On Tue, Oct 9, 2018 at 2:21 PM Andre Mesquita <[email protected]>
wrote:

> This is terrible, friends, unfortunately
>
> *How Brazil’s Jair Bolsonaro used Trump tactics to move to 2nd round of
> presidential race*
>
> It's devastating. The upsurge of the extreme right is global in scope.

Andre, what are the causes are in your view? Yes, Bolsonaro used Trump's
rhetorical tactics - but those have ever been available. In the totally
incomplete picture I have, two additional factors stand out:

First, the legal and legislative coup by Brazilian capital (which fractions
beyond agriculture, I don't know) that removed Dilma from office and then
imprisoned Lula to prevent him from from running again.
Second, the perception by large sectors of the middle class of extreme
personal insecurity, motivating their vote for an otherwise despicable
law-and-order candidate.

When capital allies with the military and security forces, it's fascism in
the classic sense of the word. We are headed there in the US too. It's not
something I say lightly.

I have never been clear on how much corruption can really be ascribed to
the Workers' Party. Nor is the security issue really possible to grasp from
a distance. You know, even from up close it is hard to gauge. In Chicago I
am anti-cop because of real, proven institutional racism. But meanwhile
three people have been killed just a block from me in the past three years
and about fifteen shots were fired a couple weeks ago into a house three
doors down the street. Why do I think this level of violence is OK? Has
there been any change in the levels of street violence in Brazil?

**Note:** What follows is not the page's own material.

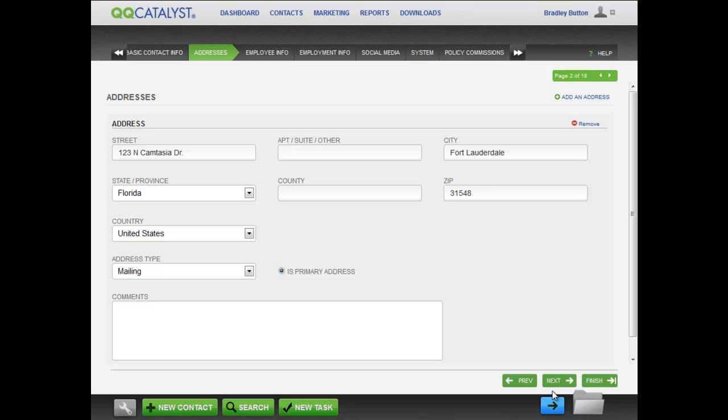Clicking on the Page Numbers section will move you back or forward one screen. While you are working, if you need to go to a different part of QQCatalyst, you can always stack where you are and come back later.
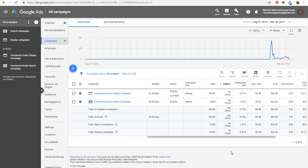Welcome to the Surfside PPC YouTube channel. Today I'm going to be going over Google Ads remarketing — our Google Ads remarketing tutorial. I'm going to show you how to set up audiences and how to target them in your campaigns. You can use remarketing audiences for your display campaigns, search campaigns, and video campaigns.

Chicago where I live is continually used by Trump as a scarecrow for
security panic. If the cop who killed a black teenager named Laquan
McDonald had not been rightfully convicted for murder just days ago we most
likely would have had a giant riot in this city, which could have set the
national stage for previously unthinkable things. Elements on the right are
waiting for exactly such an event. We are walking a tightrope in this
country, like everywhere.

The left should never abandon its minority focused social-justice agenda,
but it needs to couple that with universal welfare and security policies as
well as climate-change mitigation strategies that can achieve corporate
buy-in. Of course those things are contradictory, but the job of politics
is resolving contradictions. Those who think that fascism is finally a
chance to fight the real system, unmasked, have not taken a very good look
at what happened in the 1930s and 40s. Militarized regimes can be
instituted under whatever ideology. That's exactly what killed the
progressive/socialist movement in the US, from Roosevelt's third term
onward.

We need a workable vision. It has to be both idealistic and calculable,
buildable, institutional, productive and enforceable. These things don't
just spring full-blown from charismatic leaders, nor are they spontaneously
generated at the grassroots. Progressivism was an urban, middle-class
movement that grew out of the ruins of late-nineteenth century agrarian
populism. Socialism of the kind that inspired the welfare state grew out of
a mix of communist idealism and unionist pragmatism. All that stuff had to
be created. Even at its most idealistic, it was always coupled with real
universalist plans developed to solve complex problems. We are so far from
that right now, it's tragic.

I am devastated by this news from Brazil. Courage and fortitude to all.